Decision Number 986
SUBJECT TO FINAL EDITING
IN RE: Request from the General Conference for a Declaratory Decision Concerning Pastoral Leadership in Paying Apportionments as a Chargeable Offense under ¶ 2702.
Digest
Unwillingness by a pastor to lead a local church toward full payment of apportionments including proportionality in the Episcopal Fund (¶ 823) does not constitute a chargeable offense under ¶ 2702.
Statement of Facts
On a motion from a delegate, the 2004 General Conference requested a declaratory decision of the Judicial Council as follows:
For clarity of understanding regarding our mutual responsibility, I move the General Conference ask the Judicial Council for a declaratory decision in answer to the following question: Does unwillingness by a pastor to lead a local church toward full payment of apportionments including proportionality ¶ 823 Episcopal Fund constitute a chargeable offense under ¶ 2702 (d) failure to perform the work of ministry and (e) disobedience to the order and discipline of the (sic) United Methodist Church?
Jurisdiction
The Judicial Council has jurisdiction under ¶ 2610 of the 2000 Discipline.
Analysis and Rationale
A basic provision for leadership requires that for leaders to be held accountable they must have commensurate authority and responsibility. The duties of a pastor of a charge include administering the temporal affairs of the congregation, (¶ 331) leading the congregation in the fulfillment of its mission through full and faithful payment of all apportioned ministerial support, administrative, and benevolent funds, (¶ 331.2f) and being the administrative officer of the local church. (¶ 331.3a) In addition once the annual conference has determined the amount of apportioned funds to each charge, it is the responsibility of the district superintendent, the pastor, and the lay member(s) of the annual conference and/or the church lay leader(s) to interpret to each charge conference the importance of apportioned funds. (¶ 246.13) The pastor shall be the administrative officer (of the charge conference), and as such shall be an ex officio member of all conferences, boards, councils, commissions, committees, and task forces, unless restricted by the Discipline. (The Charge Conference at page 145, 2000 Discipline) The church council has responsibility for establishing the budget on recommendation of the committee on finance . . . . (¶ 251.4c) The pastor is only one of a number of individuals who hold membership on the church council. (¶ 251.5k) The Episcopal Fund is apportioned proportionally within an annual conference to the salary paid to each local church pastor. (¶ 823) Once the apportionments for bishops, district superintendents, conference claimants, and the Equitable Compensation Fund are determined by the annual conference, “payments made to the same in each pastoral charge shall be exactly proportional to the amount paid on the clergy base compensation. The treasurer or treasurers of each pastoral charge shall accordingly make proportional distribution of funds raised in that charge for the support of ordained ministry (¶ 620).
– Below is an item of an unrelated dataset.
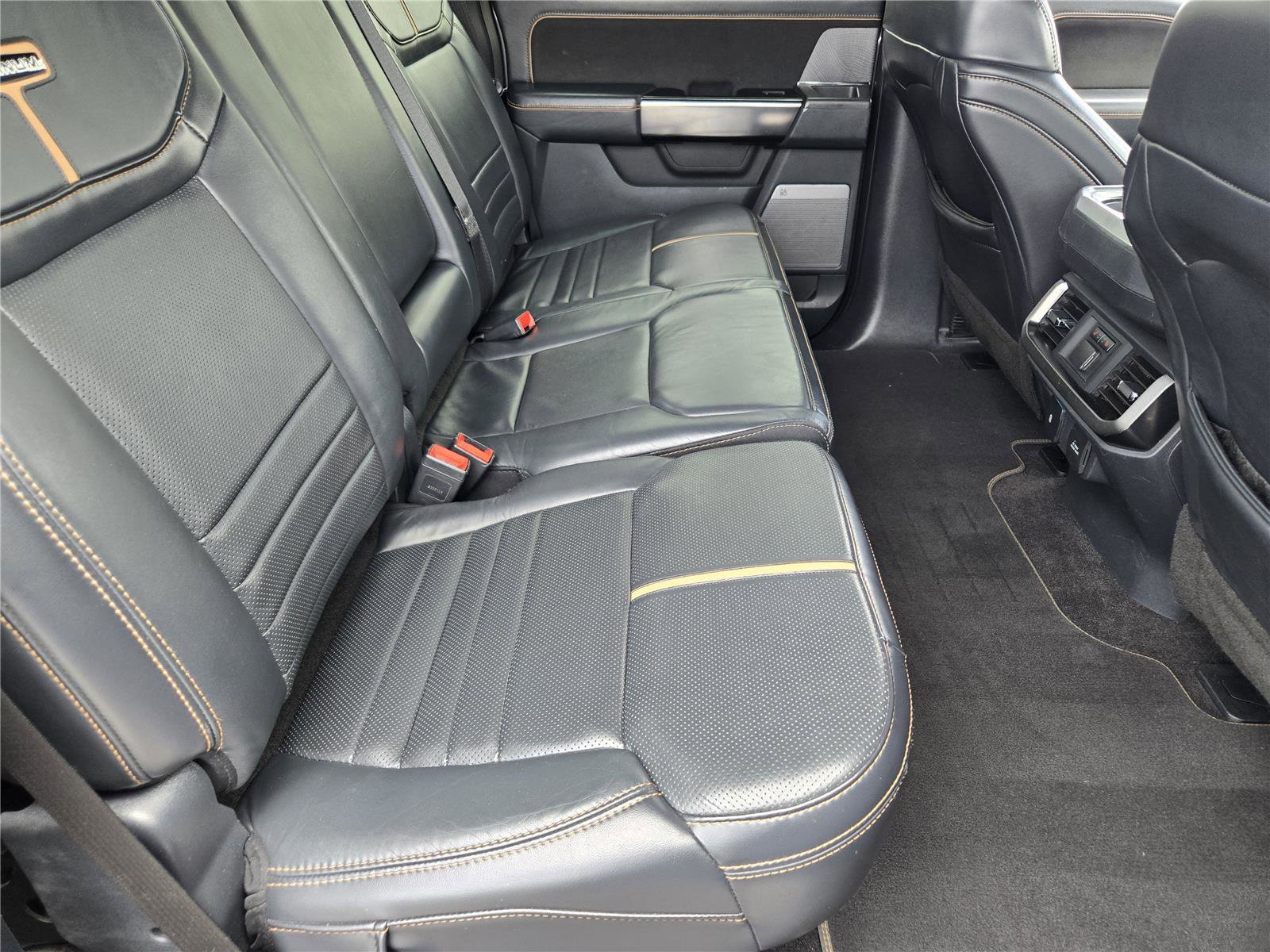 Certified 2021 Ford F150 Platinum AWD/4WD image 31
The pastor of a church has an important role in leading a local church to accomplish its plan for mission and ministry and to pay its apportionments in full, including the apportionment for the Episcopal Fund, but the pastor does not carry this responsibility alone. The pastor of a church is just one of many individuals, lay and clergy, who has responsibility for providing leadership to a local congregation and thereby leading a local church toward full payment of apportionments. To hold the pastor of a local church personally accountable for a chargeable offense when a church under his/her pastoral leadership does not pay its apportionments in full including the requirement for proportionality in the case of the Episcopal Fund is unjust.
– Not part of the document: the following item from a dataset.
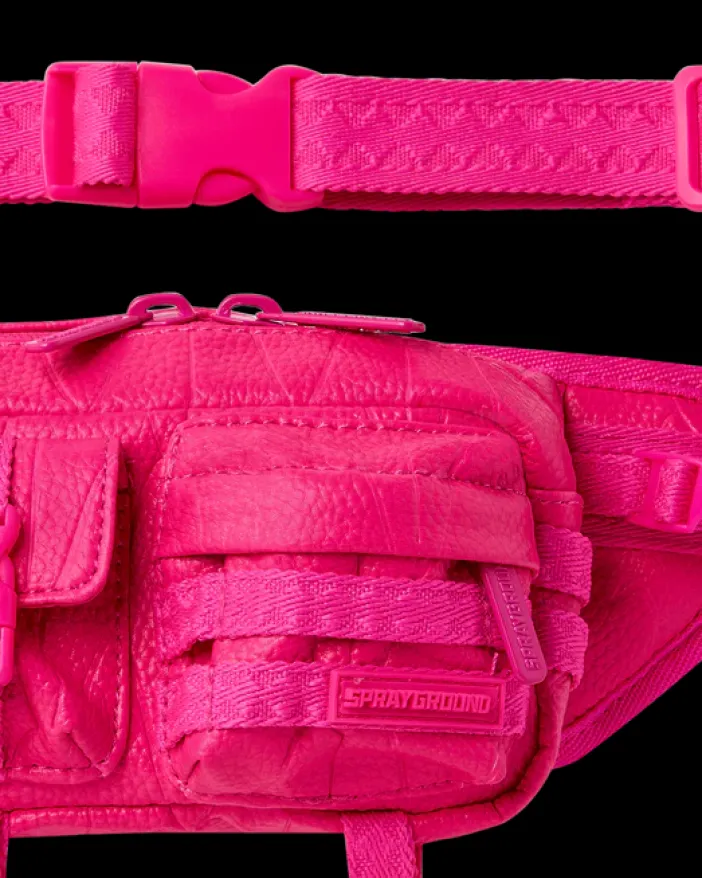 LOTUS MINI CARGO CROSSBODY>SPRAYGROUND Discount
The clear legislative intent of the list of chargeable offenses in ¶ 2702 is to hold pastors accountable for their own personal actions, not the actions of other ordained or lay persons. Thus, the unwillingness of a pastor to lead a local church toward full payment of apportionments including ¶ 823 is not a chargeable offense under the current provisions of ¶ 2702.
If a pastor deliberately encourages a church not to pay its apportionments in full, when the church has the ability to do so, this action by the pastor may rise to the level of a chargeable offense under ¶ 2702.
Decision
Unwillingness by a pastor to lead a local church toward full payment of apportionments including proportionality in the Episcopal Fund (¶ 823) does not constitute a chargeable offense under ¶ 2702.